No Ordinary Move-In Box
I’m in that ugly stage of house-packing. That stage where the kitchen is half packed, the bathroom is precarious at best, the living room is full of boxes, and I can’t step foot into my closet even if I wanted to.
It’s not charming. It’s not exciting. It’s mostly just messing and stressful. But it’s ok! There’s an end to the madness. The end involves a long drive to New Orleans, a fresh bag of ice, a Manhattan cocktail, and new keys to a lovely French Quarter apartment!
Until I officially move in in early March, the pie and cake recipes are going to be sparse around Joy the Baker. That’s mostly because this is real life and all of my butter and loaf pans are packed away.
Thank you for joining me on this moving journey. I promise you won’t have to drive across the country in twelve hour stretches. I’ll handle that for both of us.
I’ve learned a lot about packing boxes and organizing cross-country moves from the internet. I’m supposed to have a master list indicating exactly what is in each box I pack. I’m supposed to pack certain things at certain times. There’s supposed to be some sort of master color-coding situation. I’m definitely doing exactly zero of those things.
If you’re looking for a master-packer / super-organized mover… you’re totally looking in the wrong place.
One thing has managed to cut through all of the disorganized moving madness: the Move-In Box!
Do you know about this? The Move-In Bx is the first box you open in your new space. It can be all the practical things like an electric drill for putting together furniture or a hammer for hanging picture…. ooorrrrr it can be things that you actually want like bourbon and fluffy towels, and fancy lotion, and good pens for list-making, and sweet cocktail cherries. We’re grown and we can do what we want! Even when we’re moving. Thank heavens, for real.

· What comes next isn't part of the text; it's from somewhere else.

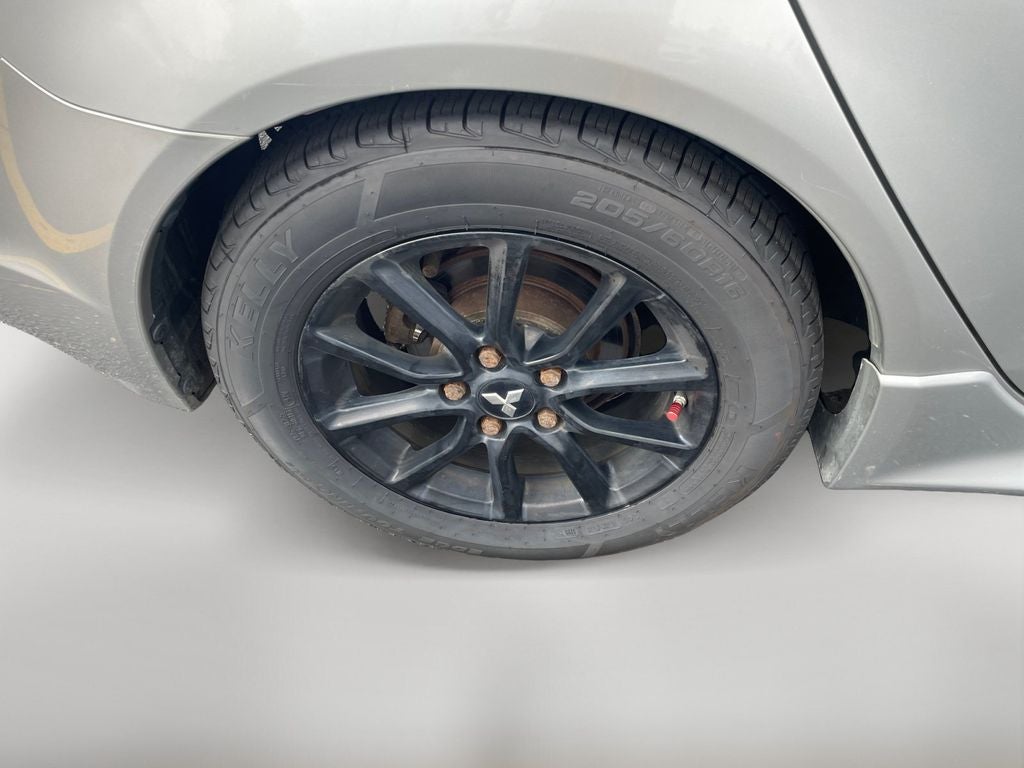 2017 Mitsubishi Lancer ES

Let’s put our overnight box together! We’re moving! Like… we’re both moving. So thank you. For real.
The Overnight Box:
– (1) Fluffy Clean Towels, (3)Fancy Body Wash and (4) Luxurious Lotion will feel like an extra treat after driving between Tucson, Arizona and New Orleans, Louisiana. I’m going to need something that feels soft, pillowy, and smells good. Thanks!
– A shower curtain and toilet paper, too! These are things that will greatly compliment the bath towels, the body wash and the fancy lotion. Without them…. disaster.

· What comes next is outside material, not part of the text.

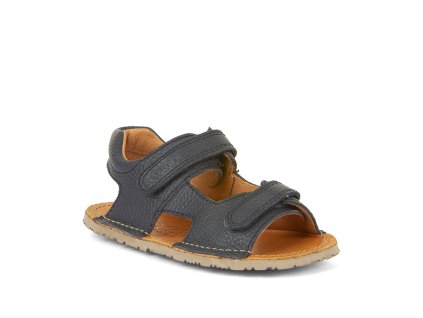 Sandály Froddo barefoot Flexy mini Dark blue G3150270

– Plates, cups, utensils, napkins, and a blanket for the first-night picnic. It happens on the floor, there’s take-out food involved. It’s basically the most perfect thing ever.

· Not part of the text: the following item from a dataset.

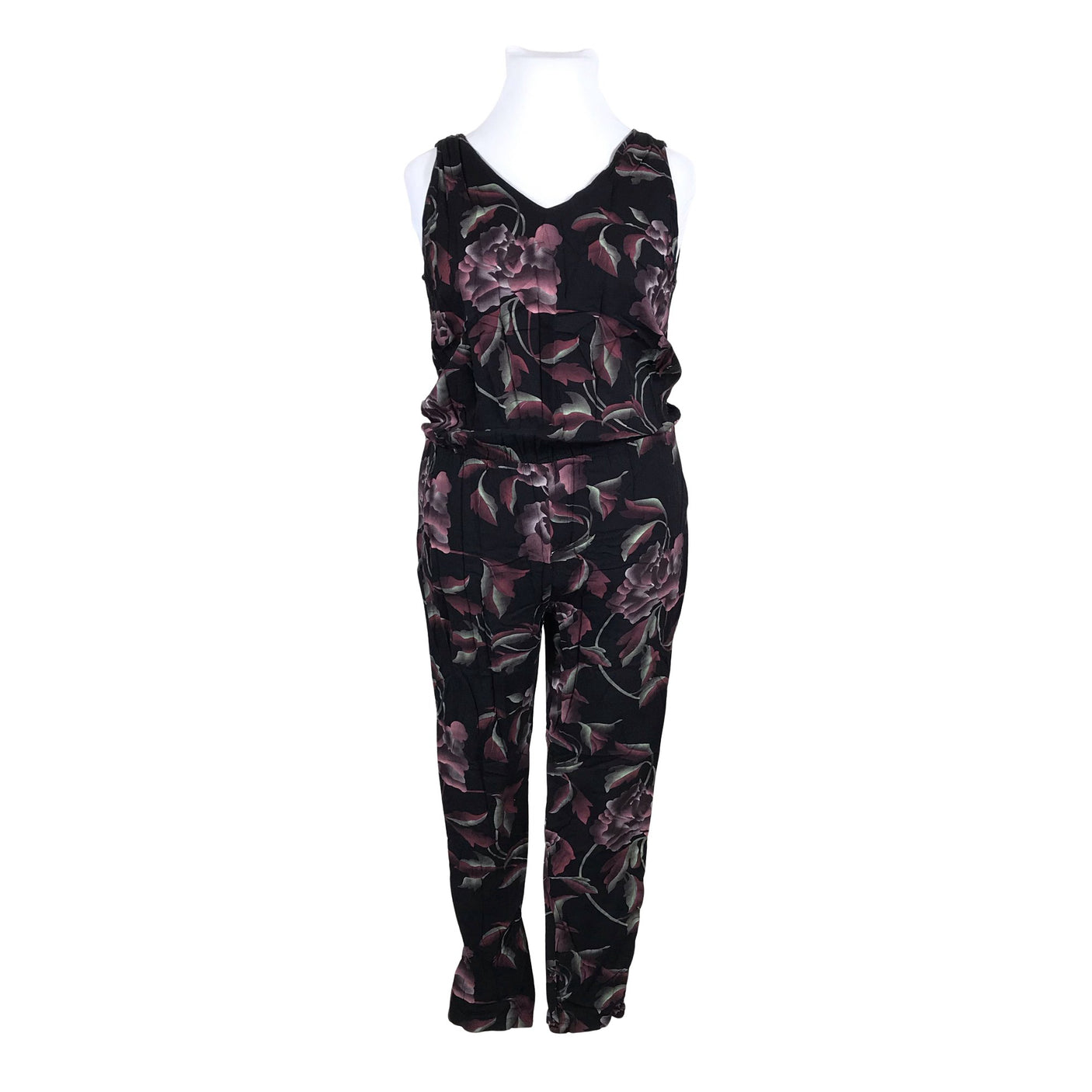Unisex Selected - Overalls, size 42 - Black (1)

– (9)Cocktail shaker, bottle of bourbon, bottle of vermouth, (13)luxardo cherries. Stop at the corner market to pick up ice. Make the most lovely Manhattan cocktail because moving is hard and Honestly Yum has the best recipe to remedy that.
– Matches, (5)candles, and lightbulbs. Candles and matches for your sanity. Lightbulbs for any lights that might need some love. Darkness in a new home is no good at all.
– Air mattress, good clean sheets, and few pillows, and a (2)big throw. Stay cozy. Stay warm. The basics.
– Cat food and le liter box because we have to keep these fluffy animals content and happy.
– Laptop and all of your computer and phone chargers. How else are you going to binge-watch House of Cards on the air mattress?
– Checkbook and cash-money because it’s still weird but we should be the people that lose or checkbooks and cash-money always comes in handy when you’re moving.
The Morning After Box is meant to inspire unpacking and happiness. Mostly it’s all about coffee, bagels, and power tools:
– Your unpacking toolbox: cordless drill, those tiny ikea screw drivers, (8)scissors, and box cutter.
– A quick bagel run, extra cream cheese.
What’s in your essential move-in box? Let me know if I’ve forgotten anything important! Your additions below:
– Basic cleaning supplies. You’re totally right Helene!
– The television remote. Thank you, Pam!
– Small tool kit and a first aid kit. Thank you, Andrea!
– Chocolate and bottles of water. You’re so right, KC!
– A cat bed might be necessary. Thank you, Marina!
– Garbage bags, for real! You know it, Meridith!